Jeffrey C. Hooke, a conservative anti-tax activist, has issued a string of studies over the past year that question what he regards as a potential "giveaway" of slots licenses worth tens of millions of dollars to a small group of politically connected racetrack owners.
His efforts have played a key role in shifting the debate from whether to have slots at tracks to the value of the licenses, getting the best deal for taxpayers and whether such licenses should be opened to competitive bidding.
"His research has had a significant impact on the discussion," said W. Minor Carter, a lobbyist for a coalition of anti-slots groups. "He's done a real public service."
It's not the first time Hooke, 48, has challenged the state's power elite from his sparsely furnished, one-room office in an 18-story office tower in Tysons Corner, Va.
Three years ago, Hooke and two associates staged a campaign against paying Baltimore Orioles owner and powerful lawyer Peter G. Angelos $1.1 billion in legal fees from the $4.4 billion the state was to receive as part of a national legal settlement with tobacco companies. Angelos eventually agreed to accept $150 million over five years.
The slots debate has again put Hooke in the public spotlight.
"The state is creating the business in the first place, so why shouldn't it get as much as it can?" he says.
Hook was a one-time candidate for state comptroller - he stepped aside after 10 days to give Michael Steele, now lieutenant governor, a better shot at the Republican nomination - and grew up in the Northwood neighborhood of Baltimore, near Morgan State University. He earned a master's degree in business administration from the Wharton School of the University of Pennsylvania.
He and his wife, Patty, a former aide to former Rep. Constance A. Morella, a Republican from Montgomery County, have two school-age children.
Hooke said he decided to tackle the slots battle for the same reasons that he and his tax policy group took on the Angelos legal fee issue: It offends him when government confers riches on politically connected insiders.
Hooke said he saw that kind of crony capitalism while traveling to Third World countries as an investment officer for the World Bank.
He said friends of those in power were often awarded at a fraction of their value exclusive, lucrative franchises to supply utilities or other services.
"I've seen a lot of poverty in my travels, and at the same time you've got these small, elite cliques that are largely maintained by government-controlled monopolies and oligarchies," Hooke said. "That's always offended me."

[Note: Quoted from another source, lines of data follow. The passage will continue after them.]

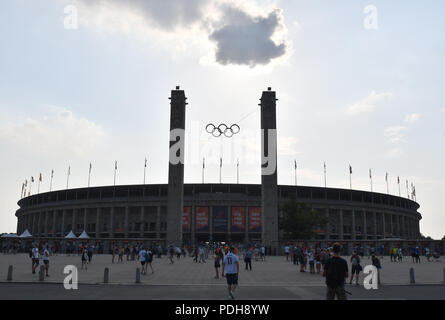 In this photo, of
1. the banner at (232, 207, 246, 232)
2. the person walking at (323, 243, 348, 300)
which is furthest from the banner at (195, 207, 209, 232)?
the person walking at (323, 243, 348, 300)

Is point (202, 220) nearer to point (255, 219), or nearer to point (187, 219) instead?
point (187, 219)

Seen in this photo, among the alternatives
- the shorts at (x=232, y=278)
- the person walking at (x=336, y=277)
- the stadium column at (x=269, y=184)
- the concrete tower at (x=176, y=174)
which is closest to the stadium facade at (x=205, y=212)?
the concrete tower at (x=176, y=174)

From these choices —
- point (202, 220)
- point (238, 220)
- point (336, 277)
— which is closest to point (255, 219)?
point (238, 220)

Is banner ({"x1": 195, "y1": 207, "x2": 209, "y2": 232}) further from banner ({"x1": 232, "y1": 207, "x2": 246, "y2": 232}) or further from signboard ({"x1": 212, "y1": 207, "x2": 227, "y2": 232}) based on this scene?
banner ({"x1": 232, "y1": 207, "x2": 246, "y2": 232})

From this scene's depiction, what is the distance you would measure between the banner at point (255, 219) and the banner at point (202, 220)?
9891 mm

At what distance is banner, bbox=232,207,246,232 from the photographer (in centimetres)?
9044

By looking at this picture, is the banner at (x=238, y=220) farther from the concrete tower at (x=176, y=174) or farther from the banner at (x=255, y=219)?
the concrete tower at (x=176, y=174)

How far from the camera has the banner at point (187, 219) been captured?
9125cm

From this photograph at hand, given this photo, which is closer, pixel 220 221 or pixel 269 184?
pixel 269 184

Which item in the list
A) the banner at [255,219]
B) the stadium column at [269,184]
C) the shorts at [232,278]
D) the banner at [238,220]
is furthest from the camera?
the banner at [238,220]

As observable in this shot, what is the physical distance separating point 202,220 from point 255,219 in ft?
39.1

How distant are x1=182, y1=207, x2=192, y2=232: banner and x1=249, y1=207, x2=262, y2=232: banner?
13.7m

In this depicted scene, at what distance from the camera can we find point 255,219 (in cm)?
8988

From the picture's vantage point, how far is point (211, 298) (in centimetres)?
1525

He said he saw disturbing parallels as the debate about slots began to take shape in Maryland.
"I was always aware that a gambling monopoly in this state would be extremely lucrative," Hooke said. "Allowing tracks to keep from 39 percent to 46 percent of the revenue, that's a giveaway."

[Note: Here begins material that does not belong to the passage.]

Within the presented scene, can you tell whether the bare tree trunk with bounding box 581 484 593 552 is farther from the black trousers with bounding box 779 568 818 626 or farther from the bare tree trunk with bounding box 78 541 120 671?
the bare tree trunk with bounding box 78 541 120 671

To supporters, Hooke is an advocate of good government who is seeking to protect the interests of Maryland's taxpayers.
Tom Firey of the Maryland Public Policy Institute, who has co-written some of Hooke's slots studies, said Hooke has "contributed to the public discourse" by focusing on the tax side of the slots issue.
"I think a lot of people listen to Jeff, even if some people get mad and their blood pressure goes up," Firey said. "A lot of people want things to go the right way and realize he has something important to say."

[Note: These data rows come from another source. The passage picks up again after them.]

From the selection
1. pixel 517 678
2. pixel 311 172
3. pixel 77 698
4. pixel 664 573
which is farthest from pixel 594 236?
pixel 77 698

Hooke's detractors dismiss his studies as inaccurate. They note that he has no background in horse racing or the economics of gambling.
"He strikes me as almost like a gadfly," said Paul Schurick, the governor's communications director and point man on the slots issue.
"Just when the debate is making sense, some study he does comes flying in out of left field. Some of it is just goofy," Schurick said. "It has not been helpful,"
Hooke, the author of three books on corporate finance, said he is confident that his studies accurately portray the issues surrounding slots.
Hooke's reports are issued through the Maryland Tax Education Foundation, a nonprofit, conservative tax policy group that he chairs.
The group has an annual budget of $10,000 to $20,000, raised through contributions from conservatives who fight to curtail government spending and keep taxes low, he said.
In his reports, Hooke has argued that exclusive, regional slots licenses in Maryland could be worth $1.5 billion if auctioned to the highest bidder. And he has challenged the conventional wisdom that allowing slots at sites other than racetracks would damage Maryland's ailing horse racing industry.
"I think his slots information generally is viewed by the people who know something about slots as pulling numbers out of the air," said Richard Hug, who is active in Republican politics and was Ehrlich's campaign finance chairman.
Hug said he has known Hooke for several years and that he doesn't doubt his sincerity but finds his studies to be questionable.
Hooke has supported Republican candidates and gave $1,000 to Ehrlich's campaign during the gubernatorial race in 2002.
"I think he believes in good government," Hug said. "I just question the credibility of his studies, that's all."